However, the RPG industry has been moving ever closer to issues of
style =and= substance.  "Recent" vampire-mania LARPs, where your
local goths get out and literally "do it" out on the streets after
dusk, show that "mood" and "context" are both valued commodities.
Also the rise, however feeble, of "storytelling" games leads away
from the elements appropriated by the computer arcade games.
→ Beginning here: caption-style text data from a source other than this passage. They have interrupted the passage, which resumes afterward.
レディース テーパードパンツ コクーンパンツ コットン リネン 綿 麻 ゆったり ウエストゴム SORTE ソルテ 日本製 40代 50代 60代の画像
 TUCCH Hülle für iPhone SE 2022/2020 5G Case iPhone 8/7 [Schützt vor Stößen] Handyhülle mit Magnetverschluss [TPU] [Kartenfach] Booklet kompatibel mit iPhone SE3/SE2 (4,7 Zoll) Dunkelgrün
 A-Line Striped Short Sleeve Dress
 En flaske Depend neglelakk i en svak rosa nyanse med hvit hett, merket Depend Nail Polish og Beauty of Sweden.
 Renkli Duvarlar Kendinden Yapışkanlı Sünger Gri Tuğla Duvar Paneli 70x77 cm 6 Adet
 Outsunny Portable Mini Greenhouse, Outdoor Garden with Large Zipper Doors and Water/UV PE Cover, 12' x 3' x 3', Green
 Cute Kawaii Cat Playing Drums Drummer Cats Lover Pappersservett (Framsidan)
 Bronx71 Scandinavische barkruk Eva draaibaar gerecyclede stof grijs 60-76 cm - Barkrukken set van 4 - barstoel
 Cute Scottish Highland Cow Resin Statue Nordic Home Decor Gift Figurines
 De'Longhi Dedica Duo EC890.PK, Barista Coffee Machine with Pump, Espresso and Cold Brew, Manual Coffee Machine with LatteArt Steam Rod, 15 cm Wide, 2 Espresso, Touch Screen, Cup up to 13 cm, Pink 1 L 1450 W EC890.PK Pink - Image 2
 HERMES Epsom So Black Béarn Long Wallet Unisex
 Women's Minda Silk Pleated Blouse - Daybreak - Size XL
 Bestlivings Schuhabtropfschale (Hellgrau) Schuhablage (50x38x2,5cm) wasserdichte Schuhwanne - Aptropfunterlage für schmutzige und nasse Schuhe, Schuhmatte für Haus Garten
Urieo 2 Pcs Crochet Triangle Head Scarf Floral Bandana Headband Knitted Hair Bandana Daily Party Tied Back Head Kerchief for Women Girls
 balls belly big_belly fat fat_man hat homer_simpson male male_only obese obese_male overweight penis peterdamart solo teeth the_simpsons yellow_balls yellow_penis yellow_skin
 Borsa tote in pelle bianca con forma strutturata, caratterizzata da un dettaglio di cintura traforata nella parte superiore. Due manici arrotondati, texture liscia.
And there has been a tradition of author-sanctioned
games-based-on-fiction, too (as opposed to the r/i/p/o/f/f/ "homage"
scenario first pioneered by the first edition of "Gods, Demigods, &
Heroes" which "borrowed" material from the works of Moorcock and
Lovecraft).

Having writ that, still--given the improbability of a "perfect" game,
one cannot ensure that the players will play it in the perfect way.
And likewise one can imagine people playing a quintissentially
Vancean adventure from such an obviously flawed game as "Original
D&D."

Chaosium's "Call of Cthulhu," an excellent rpg based upon fiction, is
a good reference point: how can the referee create the suspense and
chills of a Lovecraft story when the players have knowingly signed up
for a Lovecraftian adventure?  (How to keep the usual gaming clowning
around from turning it into "Ghostbusters"?)  With this kind of
self-knowing, can a true "Lovecraft" story take place as an
adventure, or will it be more like "Prohibition Era: X-Files"?  (Granted,
the characters =all= must die or go insane, preferably both.)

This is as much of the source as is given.